### Exercise requirements
For this listing, reproduce the line with "APARTAMENT 2+1 PER SHITJE , ALI DEMI", the line with "Hotell Artheus Carmelitas 4*", and the lines between, exactly as they stand. Leave out pictures and all other lines.

### Given information
•••••

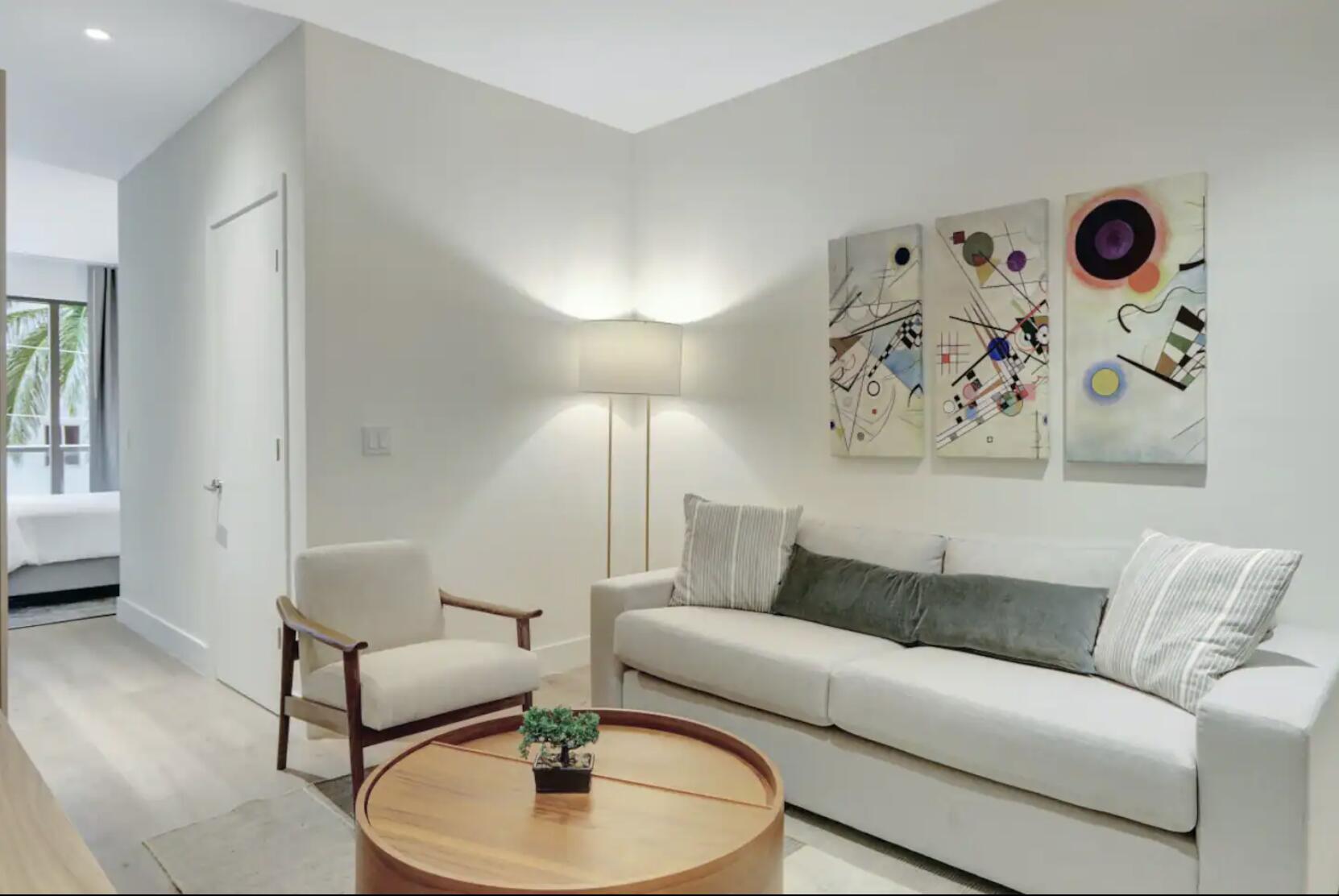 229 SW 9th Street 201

•••••

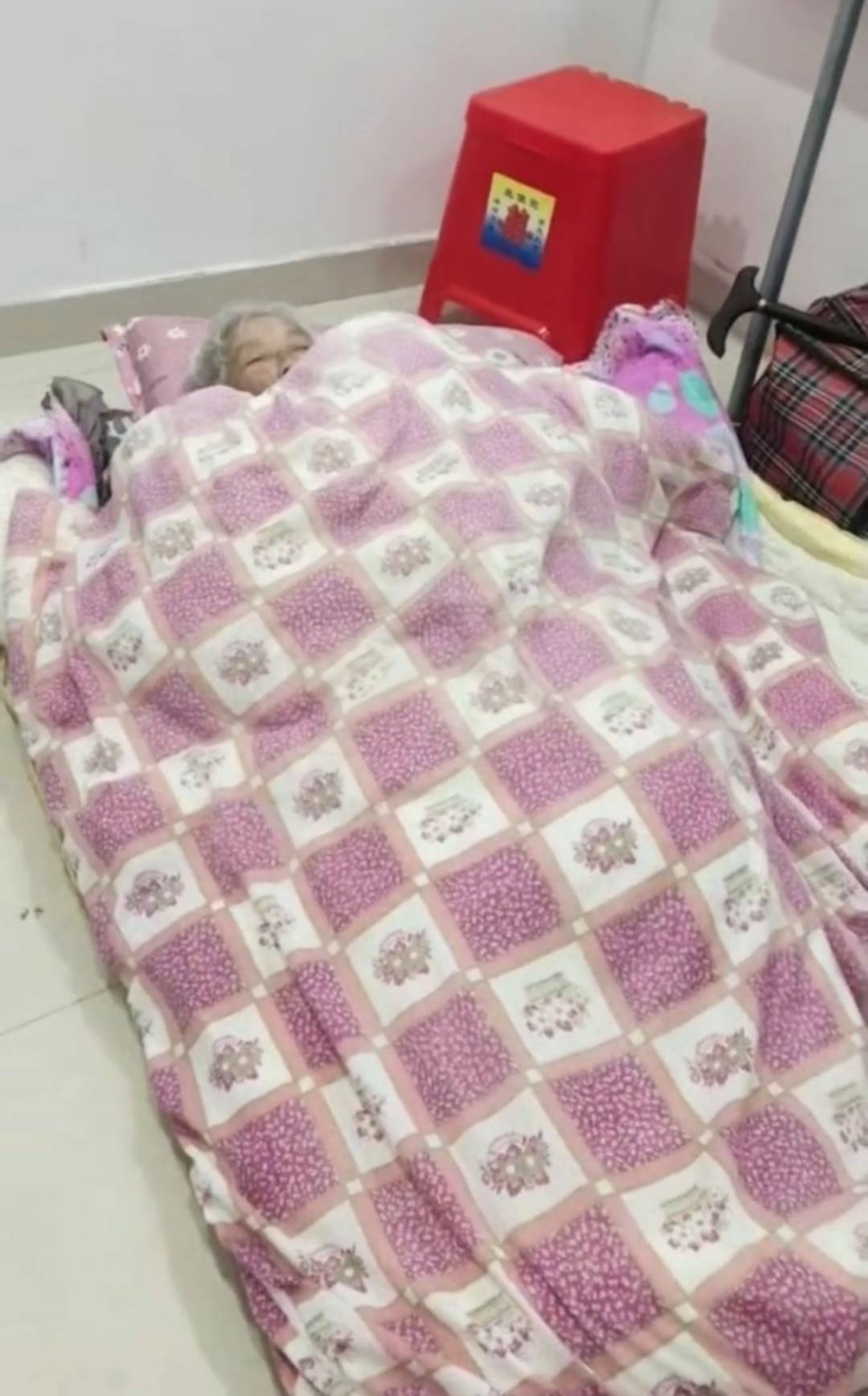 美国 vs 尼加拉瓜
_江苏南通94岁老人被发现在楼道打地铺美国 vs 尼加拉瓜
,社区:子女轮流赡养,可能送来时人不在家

•••••

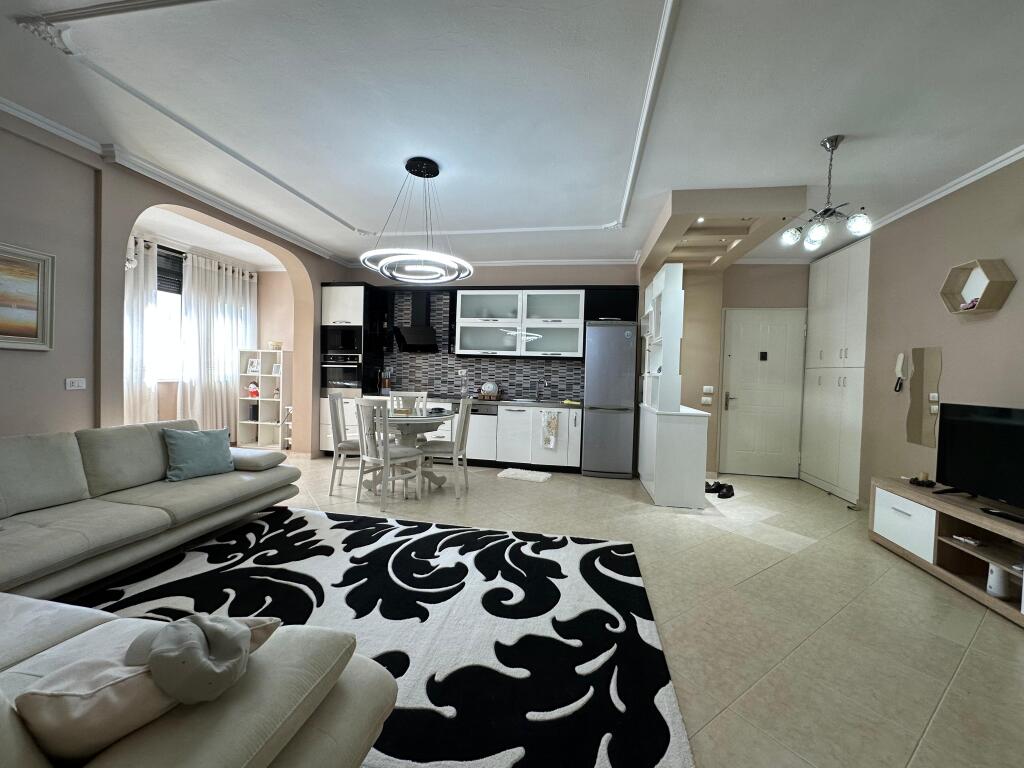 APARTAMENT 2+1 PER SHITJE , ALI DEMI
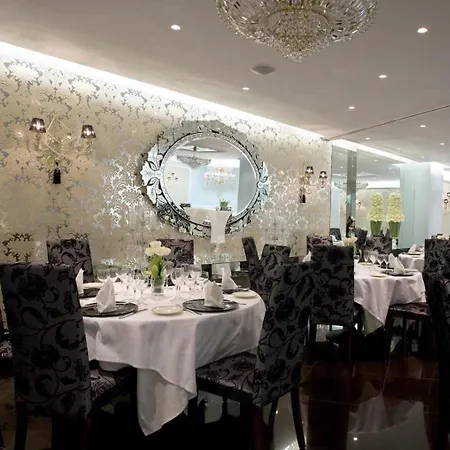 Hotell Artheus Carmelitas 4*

•••••

### Exercise output
 APARTAMENT 2+1 PER SHITJE , ALI DEMI
 Hotell Artheus Carmelitas 4*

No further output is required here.